▼
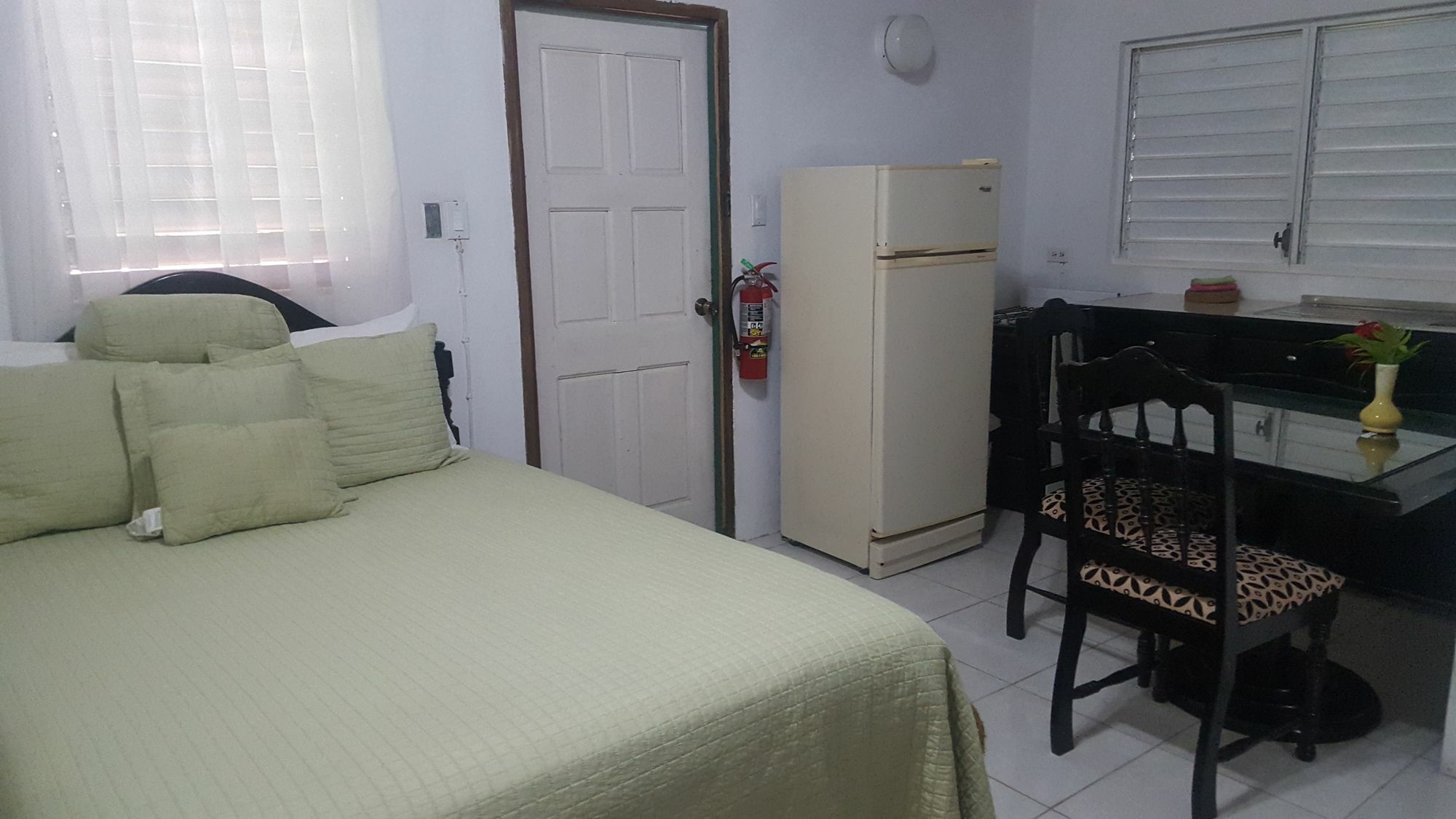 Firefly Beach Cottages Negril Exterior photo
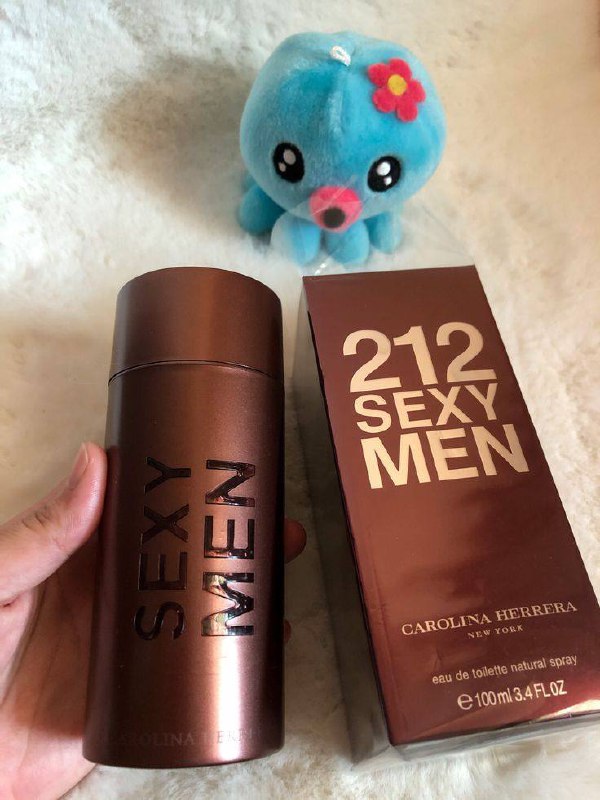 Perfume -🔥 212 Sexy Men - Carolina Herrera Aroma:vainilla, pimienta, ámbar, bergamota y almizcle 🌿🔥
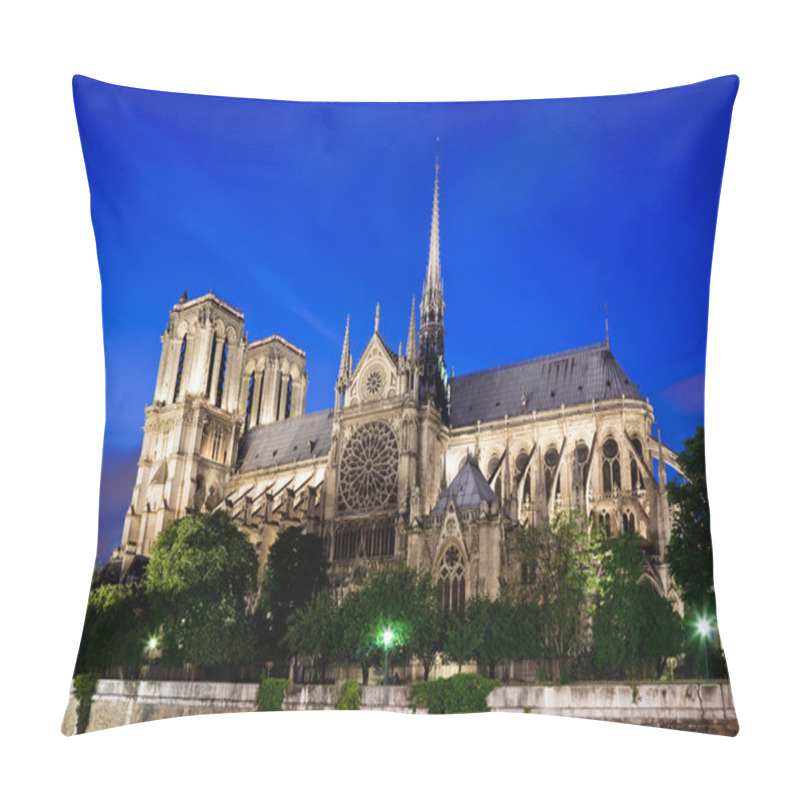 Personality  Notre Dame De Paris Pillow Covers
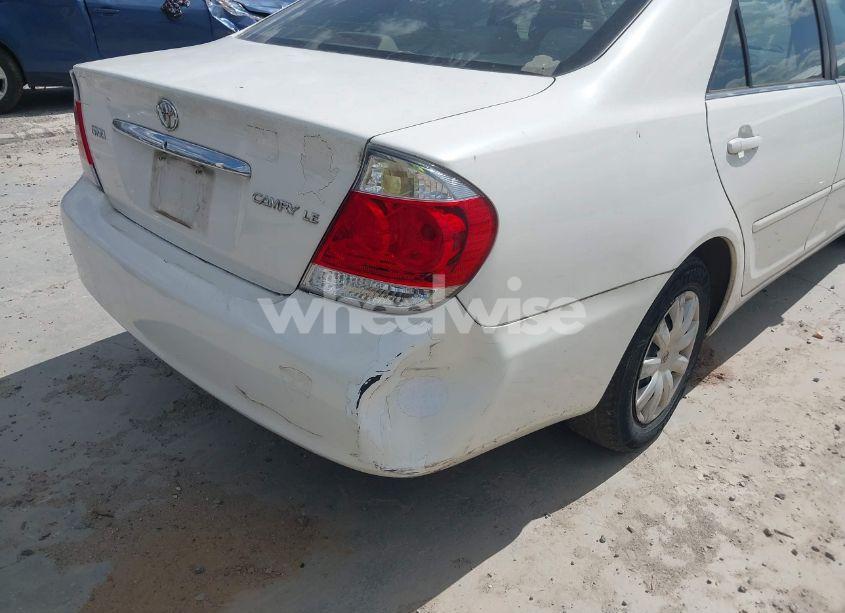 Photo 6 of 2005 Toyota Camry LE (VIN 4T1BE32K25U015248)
▲
WHAT THE TASK ASKS:
Copy all of the data word for word, and keep the pictures out of it.

FINAL ANSWER:
 Firefly Beach Cottages Negril Exterior photo
 Perfume -🔥 212 Sexy Men - Carolina Herrera Aroma:vainilla, pimienta, ámbar, bergamota y almizcle 🌿🔥
 Personality  Notre Dame De Paris Pillow Covers
 Photo 6 of 2005 Toyota Camry LE (VIN 4T1BE32K25U015248)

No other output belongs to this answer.